One way to get there is to network smaller quantum computers together, much like today’s AI datacenters connect racks of GPUs together to form one enormously powerful computer.
To make that happen, Qunnect will need to refine its invention and increase the performance of its technology so that multiple quantum computers could be “entangled” together.

Reed’s view
Quantum networking is similar to early radio. We’re learning how to send a new kind of information in the form of electromagnetic radiation.
As our understanding of radio evolved, it didn’t just allow clearer signals or more bandwidth. It allowed new kinds of information to travel over the air, enabling mobile phones and global social networks that changed culture and politics. Today, we are just learning how to send quantum bits over fiber-optic cables. The ability to create completely secure lines of communication with quantum principles is an incredible achievement.
If those advances continue and it becomes possible to network vast clusters of quantum computers, the possible outcomes are so wild.
Predicting what it might enable would be like a radio operator in World War I imagining that one day that same technology would one day lead to Uber and TikTok.

Room for Disagreement
In practical terms, quantum networking still faces hurdles, even with recent breakthroughs.
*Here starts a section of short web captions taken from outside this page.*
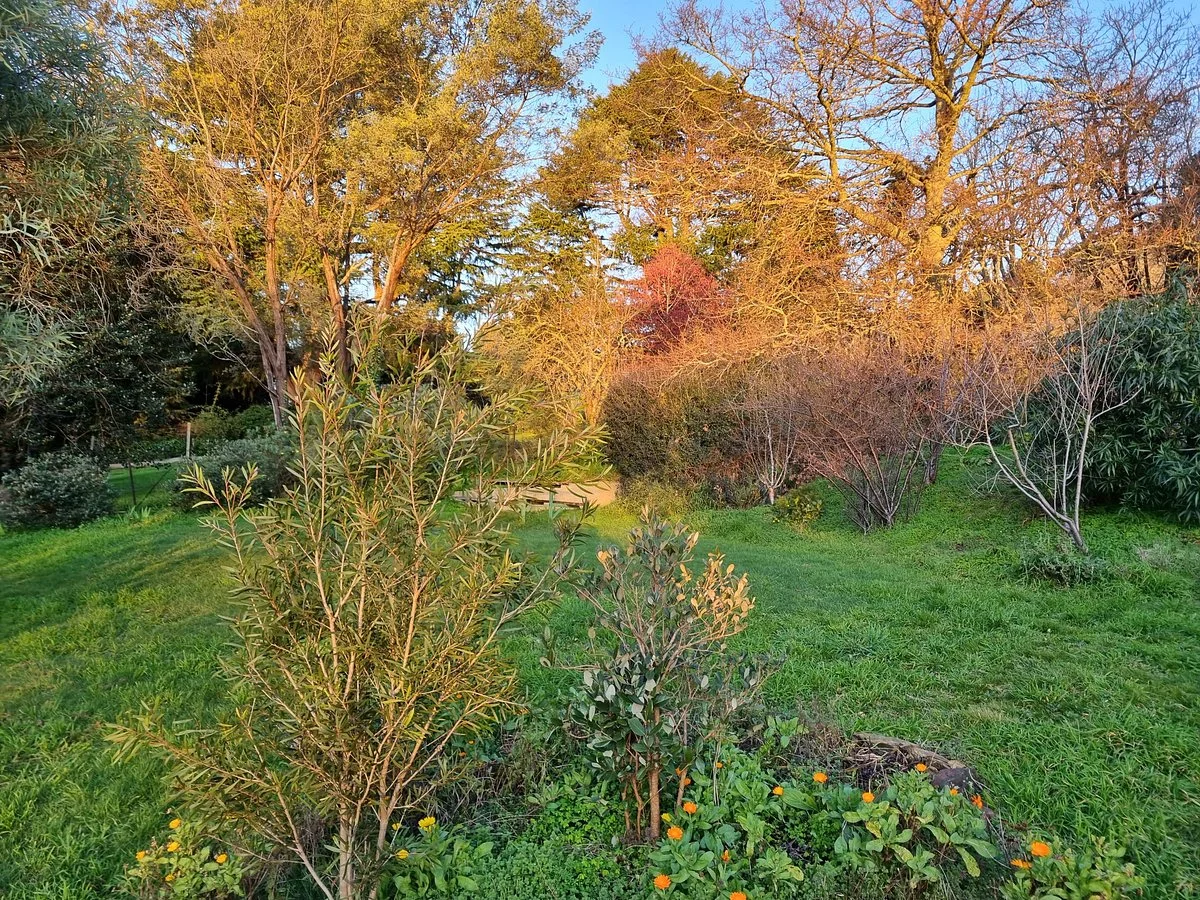 Rea Lands Public Park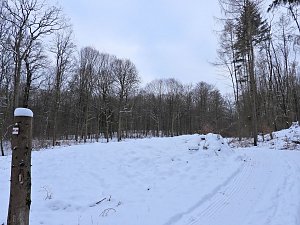 Peter Blei unterwegs bei Steigerthal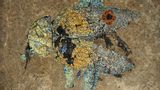 Fossil bunter Käfer Grube Messel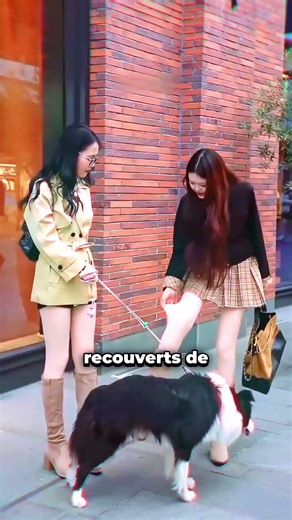 Les leggings portés par les Coréennes ressemblent à du cuir véritable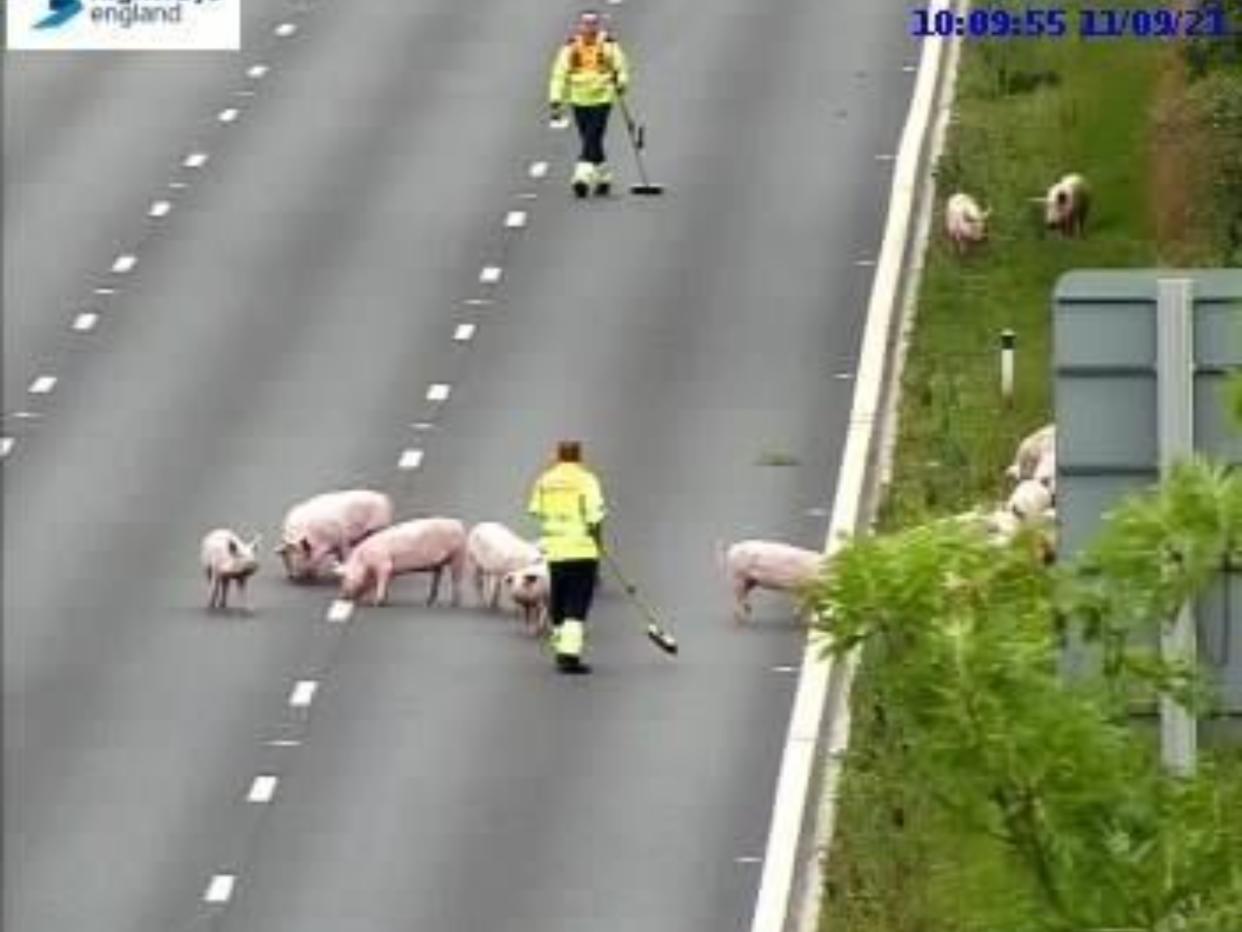 The pigs were spotted on the M62 in Salford. (Highways England)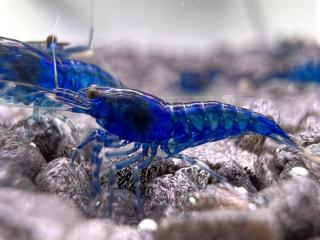 Neocaridina Davidi var. Blue Dream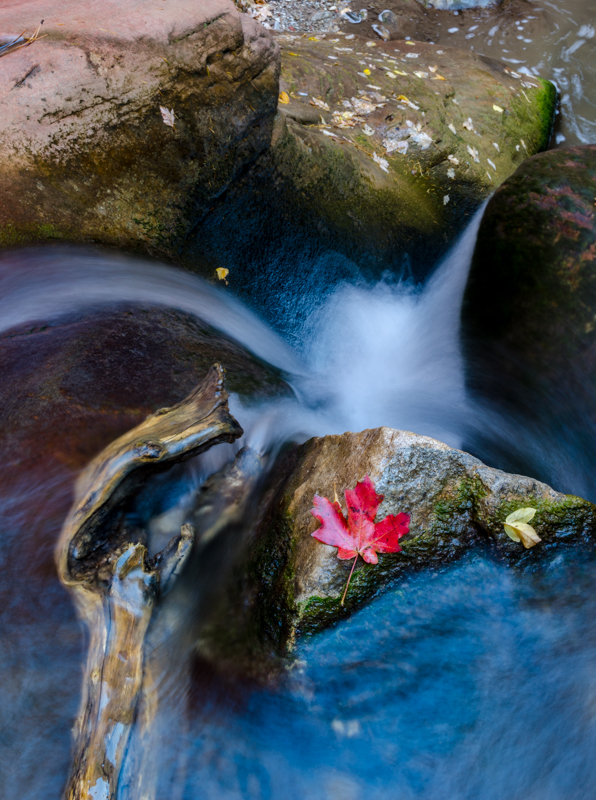 Maple Leaf and Waterfall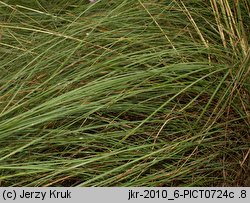 Stipa pulcherrima (ostnica powabna)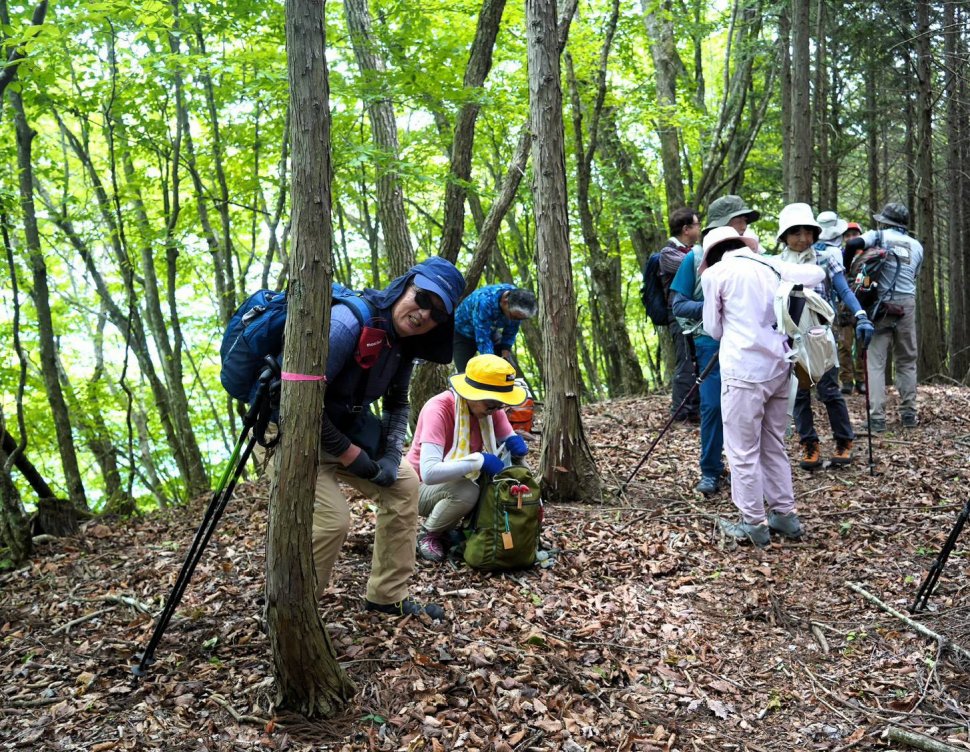 アンバ峠にて暫し休憩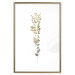 Wall Poster Golden Branch - golden-gray plant on a contrasting white background 125366 additionalThumb 14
Namely, it’s complicated, slow and expensive, TechTarget writes: “Quantum networking is a futuristic concept, even given the development going on across the globe. A common misconception is that quantum communication is faster than the speed of light. The reality is quantum networking often uses conventional communication methods.”

Notable
- Before Qunnect could try to scale its quantum networking idea, it had to build something called quantum memory. This Fast Company article does a good job explaining that step and gives more of the backstory on how the company got from there to here.

Correction
Correction: A previous version of this article incorrectly stated that Qunnect had tested quantum repeaters in proof of concept deployments in New York and Germany. Qunnect has not yet deployed repeaters.